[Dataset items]
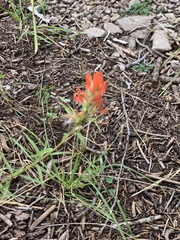 Castilleja wootonii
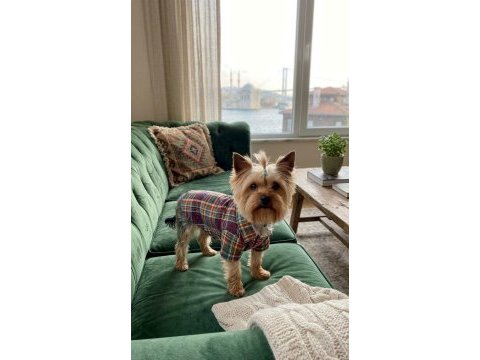 10 aylık erkek küçük boy büyümeyen köpeğimiz
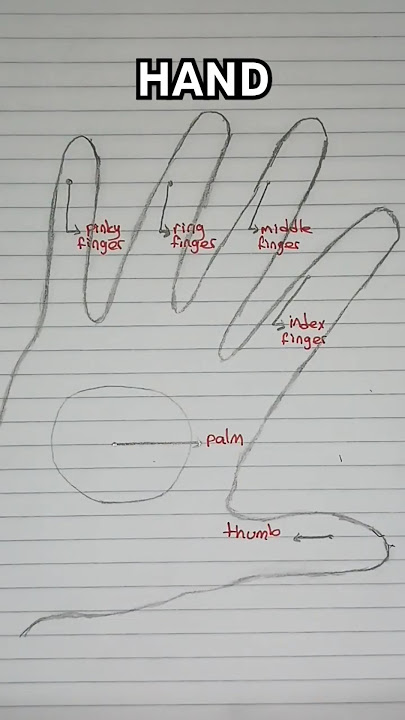 hand and fingers  #learnenglish  #grammar #education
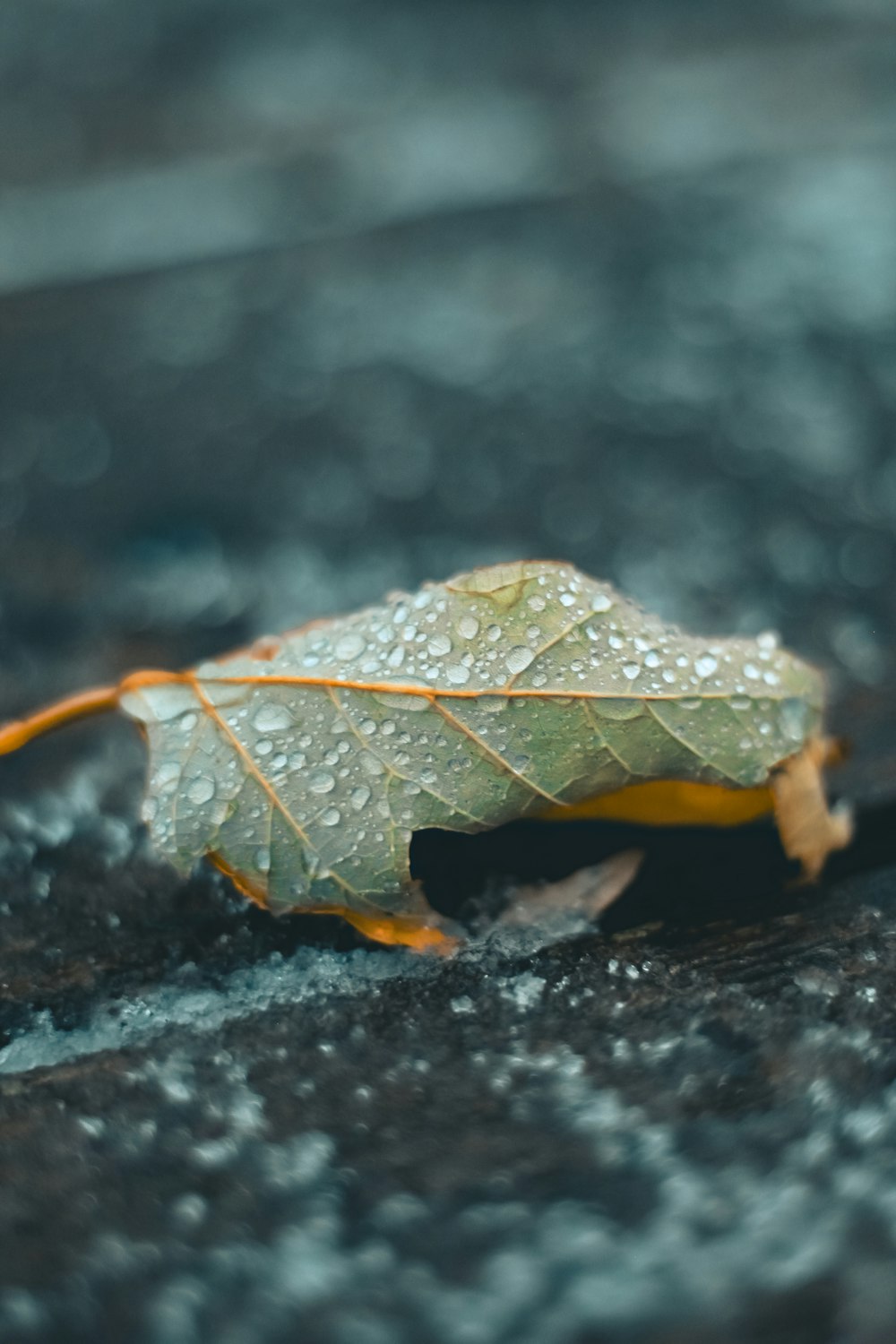 selective focus photography of water dew on green leaf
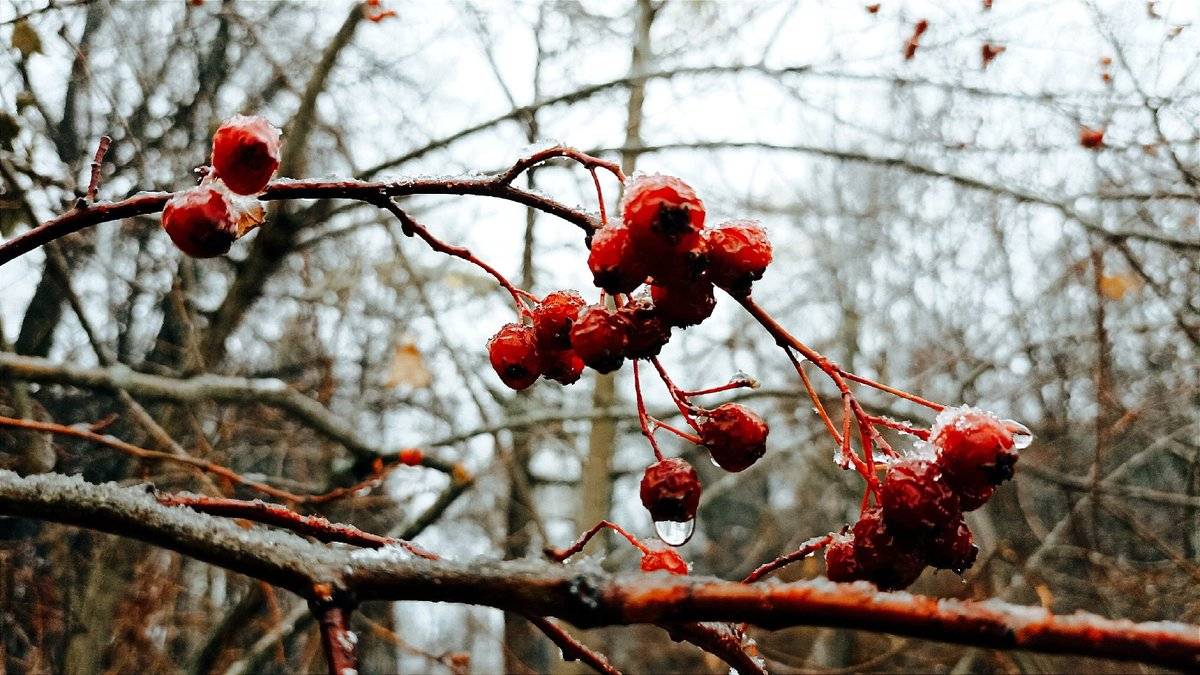 Завтра, 21 ноября, в регионе снова будет облачно.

▶ _Work task_
From the line holding "10 aylık erkek küçük boy büyümeyen köpeğimiz" down to the final line of the entries above, print every line exactly. Pictures do not go in.

▶ _Reply_
 10 aylık erkek küçük boy büyümeyen köpeğimiz
 hand and fingers  #learnenglish  #grammar #education
 selective focus photography of water dew on green leaf
 Завтра, 21 ноября, в регионе снова будет облачно.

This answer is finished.